(Problem details): In the records below, reproduce exactly the lines from the one containing "11月２１日放送　高級ぶどうも！余市・仁木　ワインツーリズム①" through the one containing "SJZQM457782三角洲行动账号详情图9", both included, and omit the pictures.

(Working data):
◇ ◇ ◇ ◇ ◇
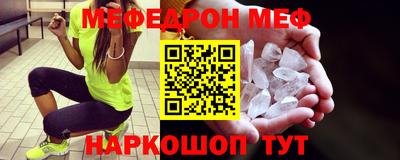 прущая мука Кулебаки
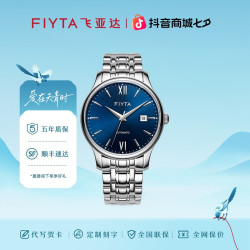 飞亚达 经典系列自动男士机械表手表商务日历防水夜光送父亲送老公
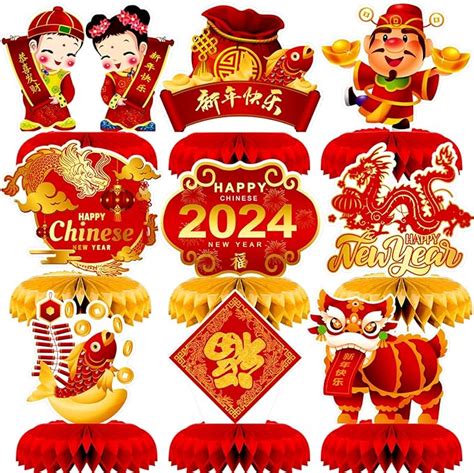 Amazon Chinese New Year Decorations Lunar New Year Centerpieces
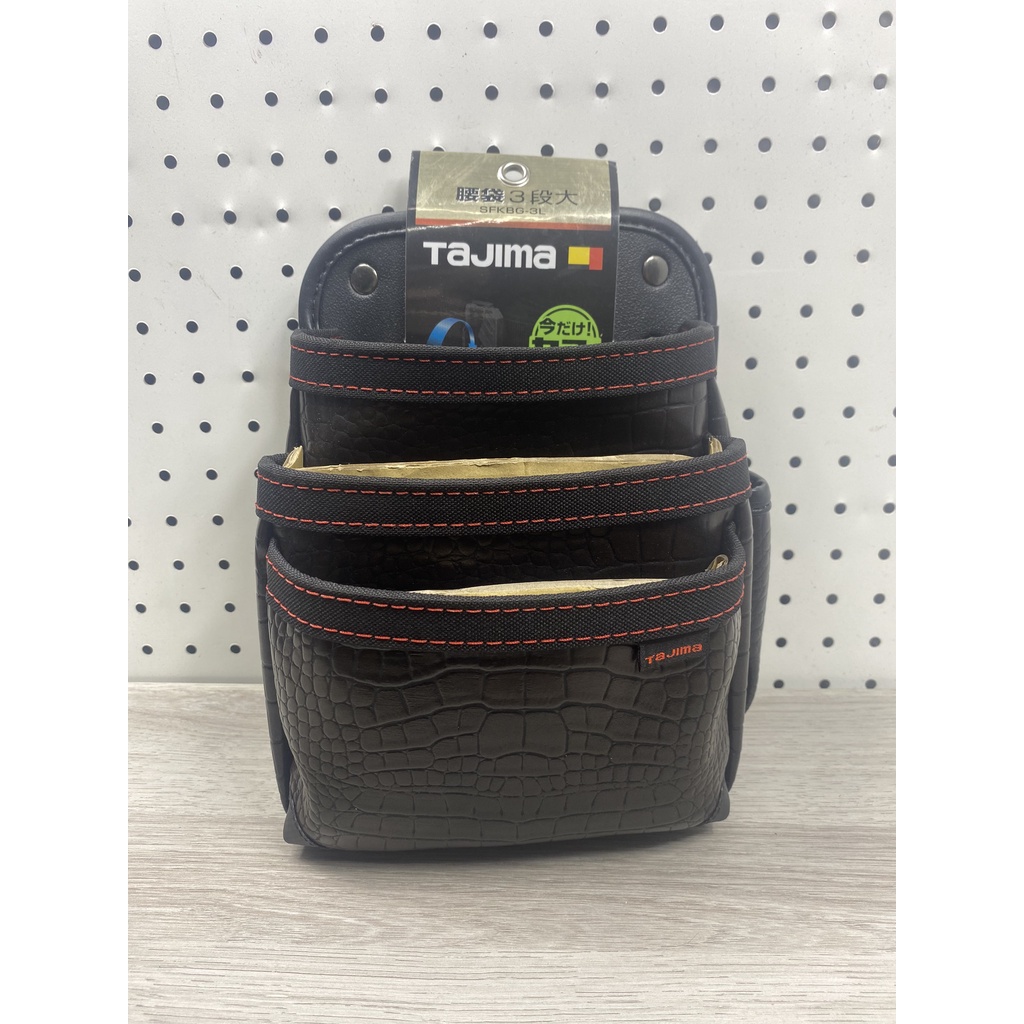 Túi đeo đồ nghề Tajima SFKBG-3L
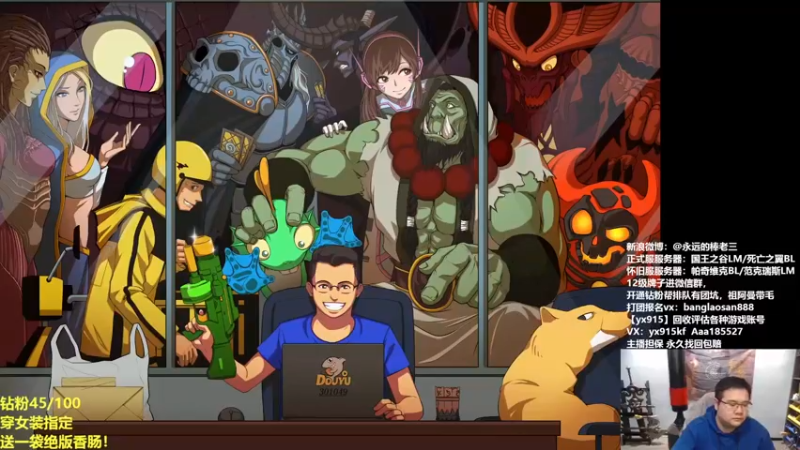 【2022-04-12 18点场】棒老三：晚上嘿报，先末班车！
◇ ◇ ◇ ◇ ◇
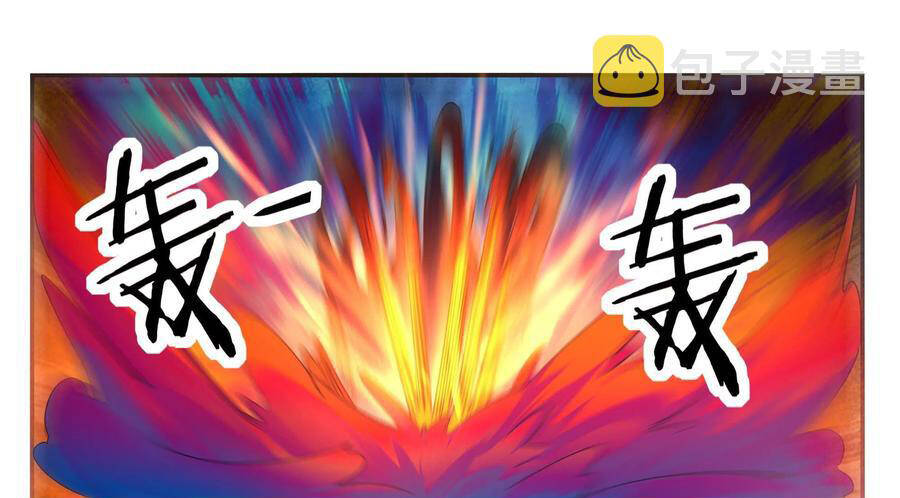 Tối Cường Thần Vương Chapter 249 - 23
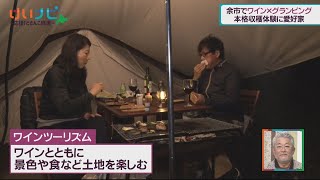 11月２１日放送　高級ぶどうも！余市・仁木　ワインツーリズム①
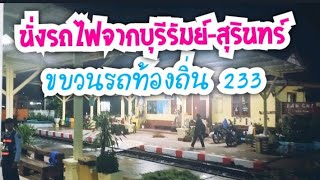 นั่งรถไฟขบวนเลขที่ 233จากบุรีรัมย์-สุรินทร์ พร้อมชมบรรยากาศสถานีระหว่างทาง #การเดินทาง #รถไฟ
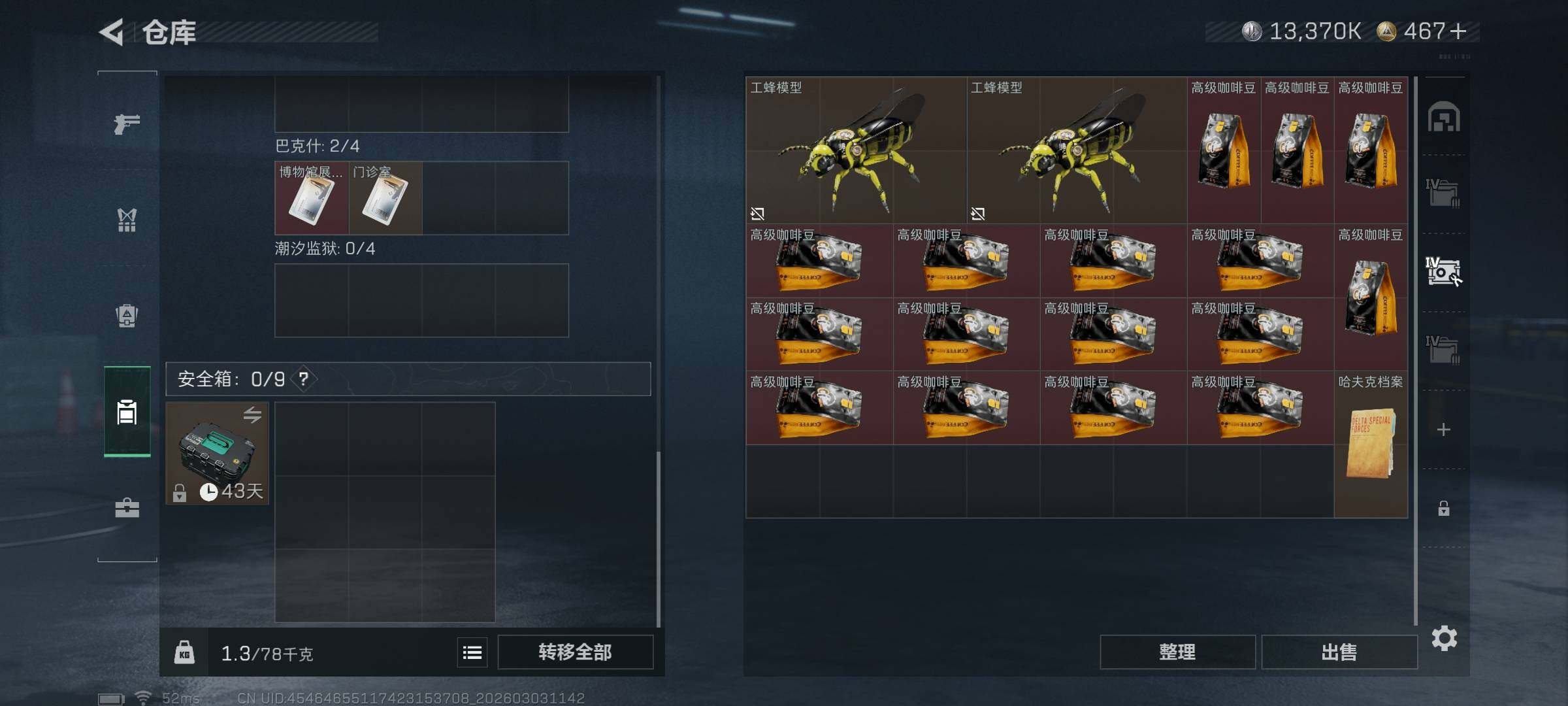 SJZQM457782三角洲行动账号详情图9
◇ ◇ ◇ ◇ ◇
(Result of this task):
 11月２１日放送　高級ぶどうも！余市・仁木　ワインツーリズム①
 นั่งรถไฟขบวนเลขที่ 233จากบุรีรัมย์-สุรินทร์ พร้อมชมบรรยากาศสถานีระหว่างทาง #การเดินทาง #รถไฟ
 SJZQM457782三角洲行动账号详情图9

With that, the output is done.